Cortés Supremo
La culpa no es suya, bastante tiene con su infortunio, sino de quienes le utilizan
Conocí a Juan José Cortés hace una década. Hacía seis meses que había enterrado a su niña de cinco años, asesinada por un pederasta que debía estar preso, y cuyo balcón podía ver desde el suyo. Cortés me abrió su casa, su vida y su alma hecha trizas. Primero, para un reportaje de este periódico. Después, para una biografía que presentaron el ministro socialista del Interior y la portavoz popular en el Congreso, unidos en público tributo a un hombre a quien el sistema le había fallado trágicamente. Ya entonces, Cortés no era quien fuese que hubiera sido. Mientras su mujer, Irene, y sus hijos adolescentes trataban de sobreponerse a su pérdida haciendo vida diaria, él estaba ido. Inmerso en la cruzada en la que aún vive. Hacerle lo que considera justicia a su hija. La compasión, la mala conciencia y la codicia de algunos políticos y algunos medios que le lisonjearon al intuir en él a un diamante en bruto dieron alas a su delirio. Se creyó su personaje. Empezó a averiarse el juguete.
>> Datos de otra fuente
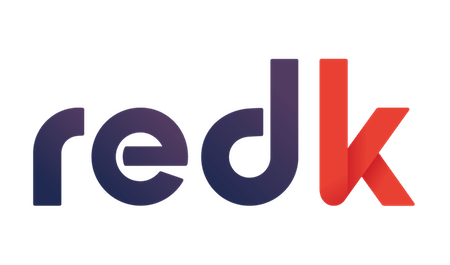 Red K Logo - redk UK Partner, CRM & IT Services
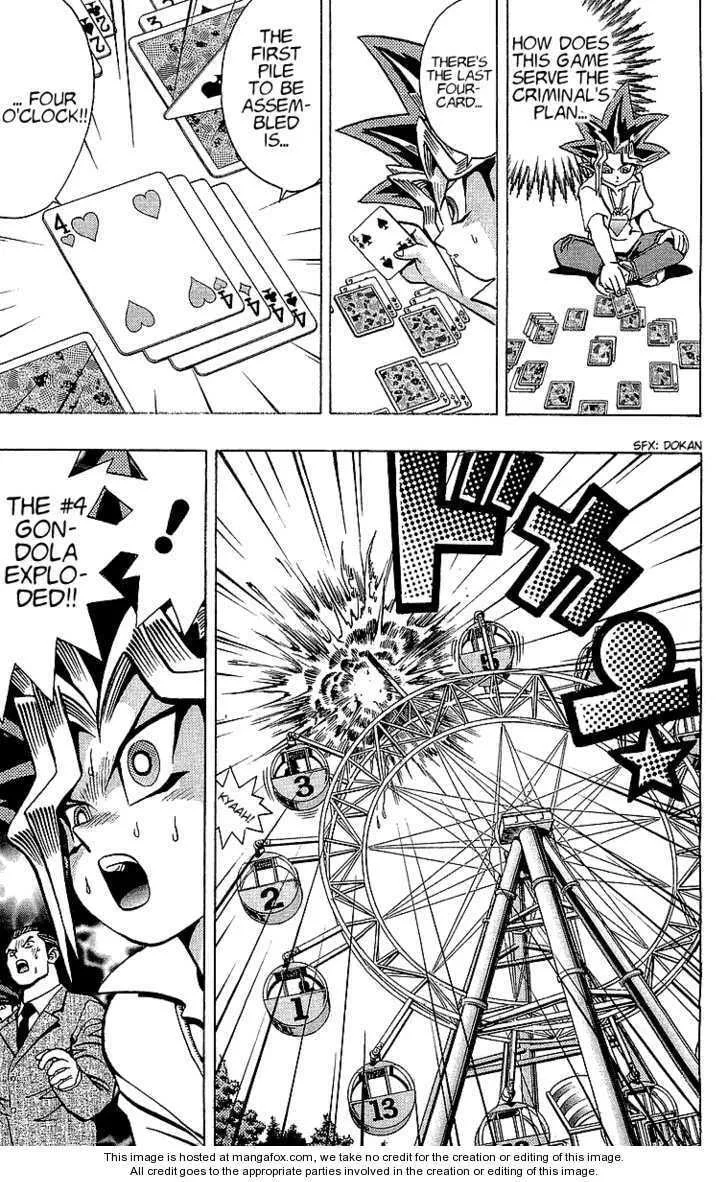 Yu-Gi-Oh!, chapter 45, page 15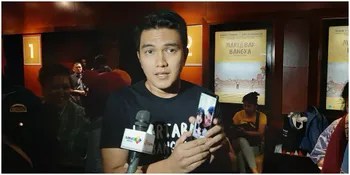 Aldi Taher Siap Bawa Film Martabak Bangka Ke Festival Film Internasional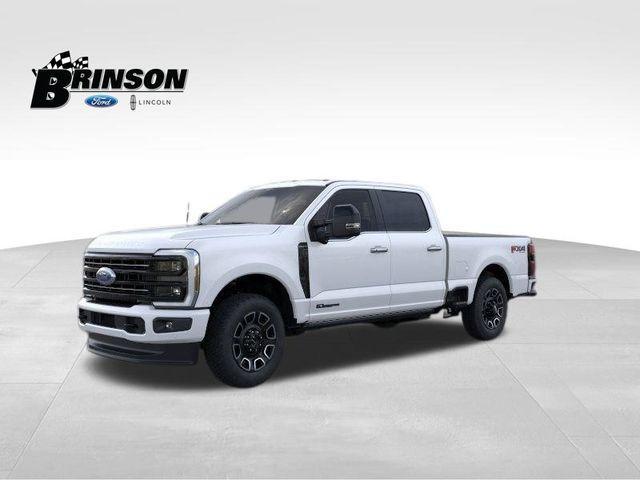 new 2025 Ford F-250 car, priced at $88,497
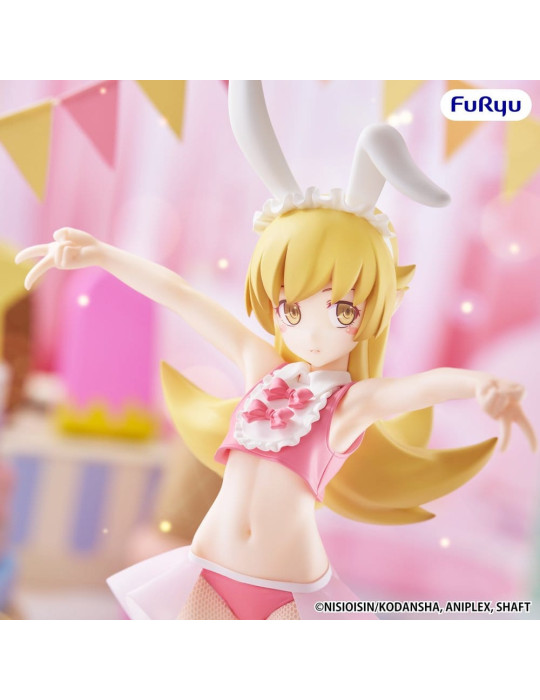 Monogatari Series BiCute Bunnies PVC Figure Shinobu Oshino 23 cm Furyu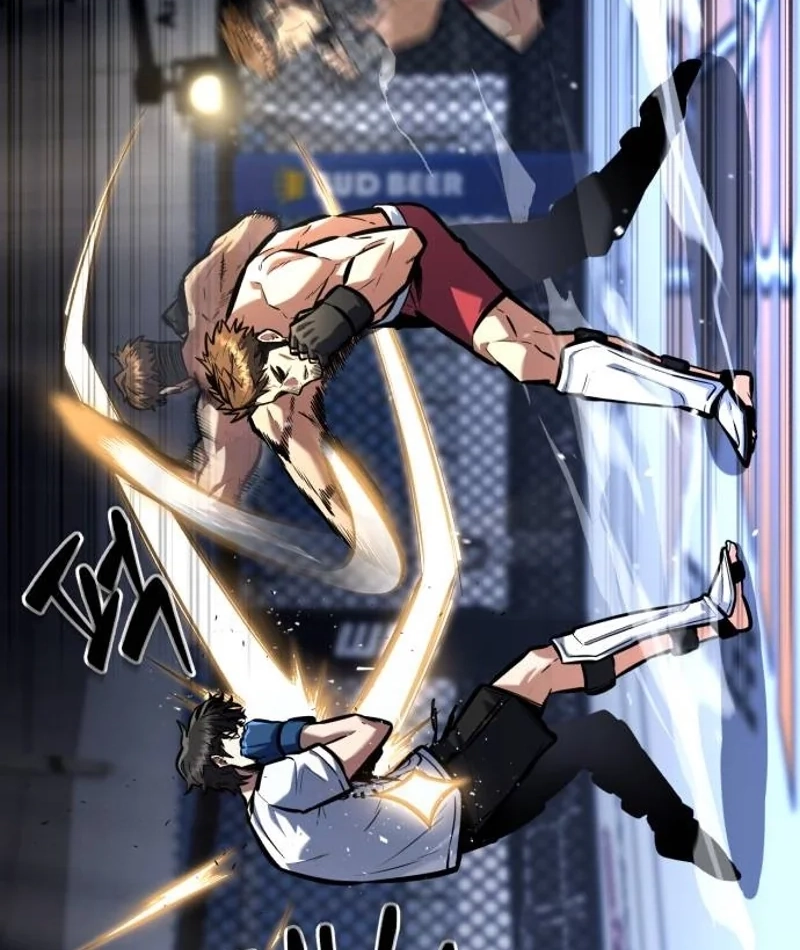 The Fight Is Too Easy Chapter 3 page 71 -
Hace tiempo que asisto, asistimos, a la deriva de un hombre roto. Al penoso espectáculo de un padre huérfano de hija presentándose donde le llaman y donde no le llaman como la encarnación del hombre bueno en auxilio de las desgracias ajenas: sea un niño asesinado por maldad pura u otro caído en un pozo por puro accidente. Últimamente, anda venidísimo arriba como fichaje estrella del PP con un único punto en cartera: no derogar la prisión permanente revisable. Será el calor de los focos, el color del dinero, el afán de servicio público, vale, pero da lástima verle bramar barbaridades contra Pedro Sánchez convertido de víctima en juez supremo. La culpa no es suya, bastante tiene con su infortunio, sino de quienes le utilizan. De los que juegan con el juguete roto porque les sirve para su juego, hasta que deje de servirles y lo tiren. Lejos de reparar su avería, hurgan más en su herida.